Summer-Brian-Head-Biking-SKiUTah

As fall approaches, ski and snowboard resorts begin to close down summertime activities in order to get ready for winter. However, the mountain biking season just goes on and on, especially in Utah.

 

Take a trip to Utah before the snow flies and find some biking gems. The northern Wasatch Range may be off the beaten track, but isn't that what mountain bikers want? Fewer people, less traffic and trails of solitude are what you'll find in the mountains above Ogden at Powder Mountain, Snowbasin, and Nordic Valley. You can get a taste of all three in one day:

  • Powder has quietly built a top-notch trail system – highlighted by a large metal sculpture turned wall ride;
  • Snowbasin boasts views down upon Salt Lake basin from ridge-running Sardine Trail, plus lift-served riding on weekends.
  • Nordic Valley has a limited variety of trails, but they are mostly steep and run deep through the woods. Weekend lift rate is modest $15.

If it's the steeps you seek, head up Little Cottonwood Canyon to Snowbird. Tram takes you to 11,000 feet, and a smorgasbord of downhill trails spread out below. Best challenge is Big Mountain Trail – 7.5 miles for 3,000-foot descent.
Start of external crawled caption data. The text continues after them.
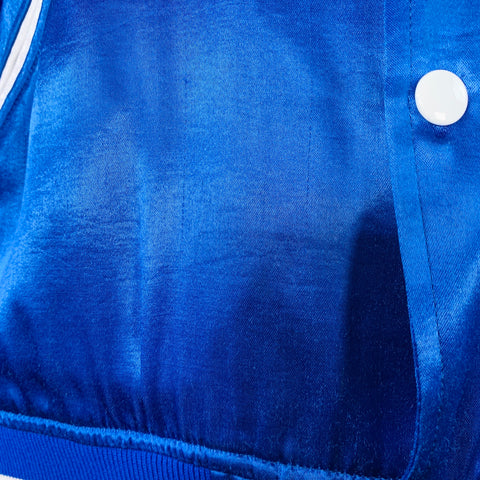 SHIPLEY and HALMOS Size L Blue White Contrast Trim Snaps Varsity Jacket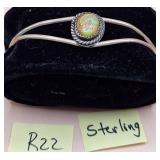 502 - STERLING SILVER & STONE BRACELET (R22)
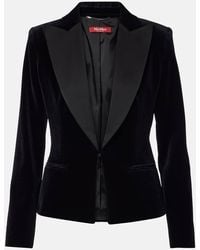 Max Mara - Eolie Cropped Cotton Velvet Blazer - Lyst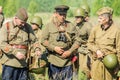 A role - play reconstruction of one of the battles of World war 2 on the outskirts of Moscow in the Kaluga region in Russia.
Over the divide at Deer Valley, it's lap time on trails specifically designed for downhill action. While each only a mile long, Tsunami and NCI cram in all the elements of modern-day downhilling: rocks and roots and boulder fields, punctuated by naturally banked turns that feed the need for speed.

The slopes of Mount Timpanogos seemed built for knobby-tire excitement, and Sundance Resort takes advantage. Lifts run every day, and all 25 miles of single-track trails are designed for uphill and downhill riding. Getting as many laps as possible is a local test.

And farthest south, Brian Head and Eagle Point are developing their bike parks. At Brian Head, the Timberline trail descent shows what the southern Utah mountain has: gnarly steeps and turns at the 11,000-foot top, successive pitches and flats on a series of benches, and a lower section that is the bike park with features and speed runs.

At Eagle Point, crews have carved out five trails and 11 miles of single track, many across high-country meadows. Unique to Eagle Point is the mountain-top shuttle van that gets riders back to the summit in short order.